What’s your New Year’s resolution? You might be considering a new diet or exercise regimen, but as you look to shedding a few pounds, you might also consider trimming down your budget. You could be thinking, Hey! You’re only supposed to have one New Year’s Resolution! That may be true, but what if you follow the exact same steps for both goals? Then reaching them will be a piece a cake (or really, a sliver of celery).
1. Set reasonable goals that you can look at regularly.
Start by setting a 5 minute timer. Then think, where do I want to be in 1 month, 2 months, 6 months? Write down as many ideas as you can think of — losing 15 pounds, going to the gym 5 days a week, saving $5,000, starting an emergency fund, ect. When the timer goes off, take the next 2 minutes to circle just two of the goals you wrote down. Circle the two you feel are more important to you and will make the greatest impact on your life. (The rest you can save for later.)
Now, spend 10 minutes writing down all the little things you will need to do to reach those two goals.
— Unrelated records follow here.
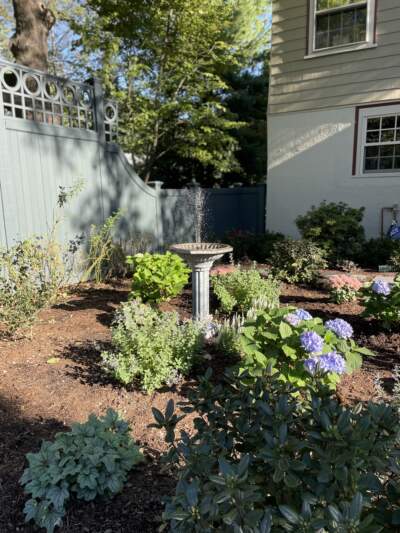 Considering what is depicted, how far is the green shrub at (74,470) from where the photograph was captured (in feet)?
6.05

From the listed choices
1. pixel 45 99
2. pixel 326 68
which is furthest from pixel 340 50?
pixel 45 99

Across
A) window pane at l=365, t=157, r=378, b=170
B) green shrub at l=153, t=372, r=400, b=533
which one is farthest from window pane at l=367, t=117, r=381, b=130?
green shrub at l=153, t=372, r=400, b=533

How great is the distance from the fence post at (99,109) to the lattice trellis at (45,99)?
0.05 metres

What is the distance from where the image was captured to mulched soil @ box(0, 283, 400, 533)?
76.2 inches

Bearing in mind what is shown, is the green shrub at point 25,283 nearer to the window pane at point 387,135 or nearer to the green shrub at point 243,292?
the green shrub at point 243,292

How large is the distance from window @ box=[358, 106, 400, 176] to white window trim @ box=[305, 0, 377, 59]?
1162mm

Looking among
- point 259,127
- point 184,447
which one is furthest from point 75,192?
point 259,127

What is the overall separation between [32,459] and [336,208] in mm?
6541

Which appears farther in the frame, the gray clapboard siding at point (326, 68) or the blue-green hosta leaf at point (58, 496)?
the gray clapboard siding at point (326, 68)

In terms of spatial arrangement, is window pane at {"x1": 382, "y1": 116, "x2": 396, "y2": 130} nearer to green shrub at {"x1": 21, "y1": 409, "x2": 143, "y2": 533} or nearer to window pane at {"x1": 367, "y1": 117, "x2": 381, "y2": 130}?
window pane at {"x1": 367, "y1": 117, "x2": 381, "y2": 130}

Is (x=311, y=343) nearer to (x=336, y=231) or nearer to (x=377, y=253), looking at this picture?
(x=336, y=231)

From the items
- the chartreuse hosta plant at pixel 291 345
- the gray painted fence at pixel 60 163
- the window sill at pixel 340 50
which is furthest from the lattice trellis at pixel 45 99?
the window sill at pixel 340 50

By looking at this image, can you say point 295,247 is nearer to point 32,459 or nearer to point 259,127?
point 32,459

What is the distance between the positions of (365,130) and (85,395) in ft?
24.3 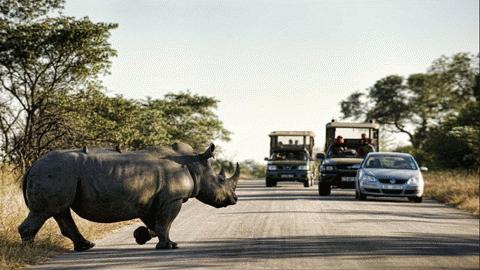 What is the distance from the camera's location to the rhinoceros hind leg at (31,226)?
38.6ft

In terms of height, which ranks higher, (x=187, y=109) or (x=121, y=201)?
(x=187, y=109)

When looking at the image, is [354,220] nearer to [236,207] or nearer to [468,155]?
[236,207]

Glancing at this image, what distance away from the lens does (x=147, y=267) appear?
416 inches

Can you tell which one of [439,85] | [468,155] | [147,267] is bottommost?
[147,267]

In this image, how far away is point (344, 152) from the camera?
103 feet

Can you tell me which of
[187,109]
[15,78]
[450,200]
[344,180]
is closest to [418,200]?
[450,200]

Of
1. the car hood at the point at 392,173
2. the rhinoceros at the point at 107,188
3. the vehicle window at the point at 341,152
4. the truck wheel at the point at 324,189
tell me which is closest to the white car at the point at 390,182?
the car hood at the point at 392,173

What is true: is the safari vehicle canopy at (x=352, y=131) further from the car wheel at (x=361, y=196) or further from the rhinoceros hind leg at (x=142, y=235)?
the rhinoceros hind leg at (x=142, y=235)

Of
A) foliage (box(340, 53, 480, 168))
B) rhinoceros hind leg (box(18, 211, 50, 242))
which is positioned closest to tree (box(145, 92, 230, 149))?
foliage (box(340, 53, 480, 168))

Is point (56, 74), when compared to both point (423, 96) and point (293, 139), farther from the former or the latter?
point (423, 96)

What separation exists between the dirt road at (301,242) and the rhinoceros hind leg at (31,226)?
0.49m

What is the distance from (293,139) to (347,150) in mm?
9926

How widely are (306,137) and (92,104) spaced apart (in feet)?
43.1

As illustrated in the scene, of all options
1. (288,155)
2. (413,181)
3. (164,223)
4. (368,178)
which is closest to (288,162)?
(288,155) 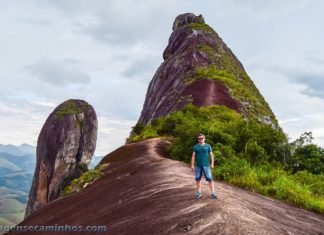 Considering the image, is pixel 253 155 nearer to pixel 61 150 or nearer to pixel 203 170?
pixel 203 170

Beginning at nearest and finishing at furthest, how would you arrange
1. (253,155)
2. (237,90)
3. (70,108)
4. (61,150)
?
(253,155), (237,90), (61,150), (70,108)

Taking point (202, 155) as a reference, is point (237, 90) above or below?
above

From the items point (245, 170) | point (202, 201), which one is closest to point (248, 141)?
point (245, 170)

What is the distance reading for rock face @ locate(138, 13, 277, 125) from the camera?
44375 millimetres

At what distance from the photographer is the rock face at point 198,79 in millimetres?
44375

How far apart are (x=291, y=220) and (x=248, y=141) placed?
13277 mm

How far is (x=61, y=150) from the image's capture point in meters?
49.0

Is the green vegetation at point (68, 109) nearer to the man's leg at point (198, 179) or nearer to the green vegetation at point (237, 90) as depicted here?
the green vegetation at point (237, 90)

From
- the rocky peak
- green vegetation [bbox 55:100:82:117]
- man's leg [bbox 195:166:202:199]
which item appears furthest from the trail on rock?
the rocky peak

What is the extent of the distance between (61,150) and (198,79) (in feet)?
67.1

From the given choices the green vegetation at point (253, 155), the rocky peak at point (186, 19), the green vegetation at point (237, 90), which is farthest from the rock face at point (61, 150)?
the rocky peak at point (186, 19)

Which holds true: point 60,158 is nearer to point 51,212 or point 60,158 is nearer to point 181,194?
point 51,212

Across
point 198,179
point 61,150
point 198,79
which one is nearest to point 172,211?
point 198,179

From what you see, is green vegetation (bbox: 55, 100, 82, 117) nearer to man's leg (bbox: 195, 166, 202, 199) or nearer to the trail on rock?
the trail on rock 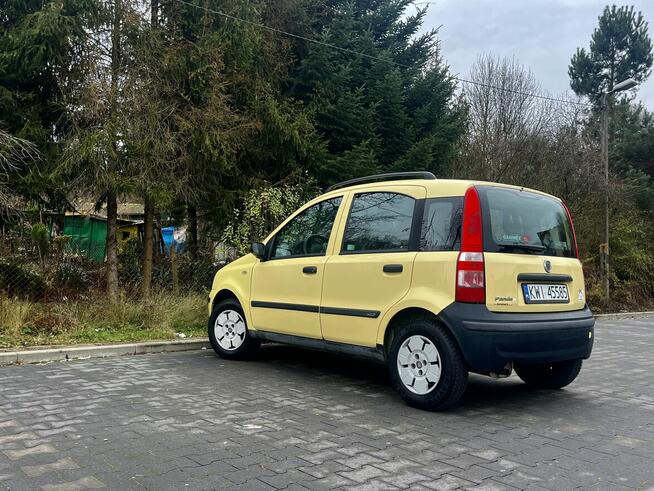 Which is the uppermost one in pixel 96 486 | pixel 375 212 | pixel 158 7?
pixel 158 7

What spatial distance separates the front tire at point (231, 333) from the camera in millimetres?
7043

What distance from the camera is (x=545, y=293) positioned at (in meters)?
5.06

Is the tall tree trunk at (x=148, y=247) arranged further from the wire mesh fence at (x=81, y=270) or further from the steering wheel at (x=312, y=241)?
the steering wheel at (x=312, y=241)

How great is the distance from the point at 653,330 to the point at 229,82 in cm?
1072

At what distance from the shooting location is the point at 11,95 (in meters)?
9.40

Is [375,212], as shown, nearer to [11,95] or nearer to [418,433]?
[418,433]

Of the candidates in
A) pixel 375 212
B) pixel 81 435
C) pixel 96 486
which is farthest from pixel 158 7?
pixel 96 486

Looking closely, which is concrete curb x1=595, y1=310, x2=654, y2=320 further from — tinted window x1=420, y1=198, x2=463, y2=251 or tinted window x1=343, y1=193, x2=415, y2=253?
tinted window x1=420, y1=198, x2=463, y2=251

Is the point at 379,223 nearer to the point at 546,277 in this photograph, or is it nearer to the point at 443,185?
the point at 443,185

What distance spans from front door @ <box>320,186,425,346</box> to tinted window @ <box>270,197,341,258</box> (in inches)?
10.8

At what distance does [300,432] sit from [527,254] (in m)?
2.45

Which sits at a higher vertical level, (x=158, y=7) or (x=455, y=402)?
(x=158, y=7)

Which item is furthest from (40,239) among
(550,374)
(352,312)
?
(550,374)

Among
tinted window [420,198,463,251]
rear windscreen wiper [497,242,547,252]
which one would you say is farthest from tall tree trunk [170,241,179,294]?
rear windscreen wiper [497,242,547,252] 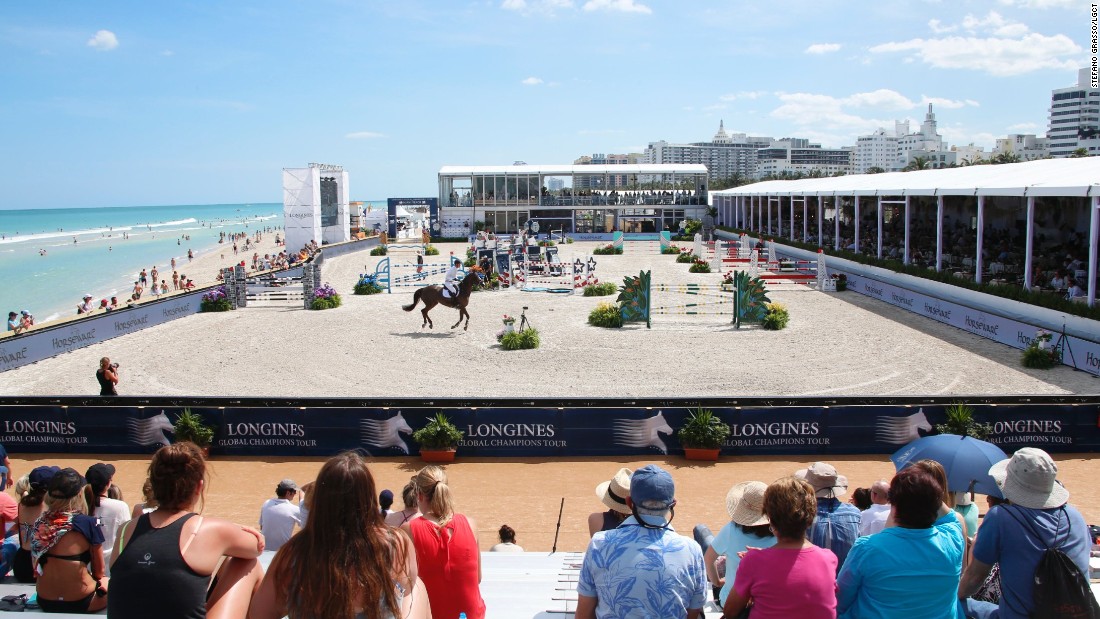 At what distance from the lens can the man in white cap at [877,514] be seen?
5.58 m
For example, if your goal is losing 15 pounds, you may write down some of the following:
- Get a gym membership
- Workout for at least 150 minutes each week
- Plan meals on Sunday
- Only eat desert once a week
When you finish, you should have two goals with a series of action steps for each goal. Before you get started, set a deadline for you to reach each of these action steps and a deadline for you to reach your overall goals. Finally, hang your goals with your action steps somewhere where you will look at them each day, such as on your refrigerator.
3. Determine weekly focus areas.
It’s hard to make lifestyle changes all at once. Many of us try to do 300 different things then give up on all of them. Instead of overloading your plate and feeling like a failure, break your changes into manageable chunks. For example, if you have a 4-week goal to start an emergency fund, your weekly focus areas may look like this:
- Week 1: Determine how much I need in my emergency fund and set weekly savings goals.
- Week 2: Print out credit statements and determine where I can cut down on spending.
- Week 3: Open a separate savings account for emergency fund.
- Week 4: Begin moving money into emergency fund.
2. Set regular check in times for yourself.
Once we set a goal, it’s easy to walk away from it for weeks or months at a time. Instead, set a weekly check-in for yourself. I like Sundays, because I can look at my week ahead, but pick a time that is convenient for you. During these check-ins, ask yourselves these questions (I find it helpful to write down my answers):
- What is one positive step towards your goal you have taken? What made it possible to take this step?
- What is one setback you have faced?
- What are 1-2 modifications you can make to your goal or lifestyle to avoid similar setbacks in the future?
When you finish, look at your week ahead and think about what changes you need to make to better reach your goals.
Following these steps will help you set and stick to your goals! We hope you have a wonderful New Year and find all you are seeking.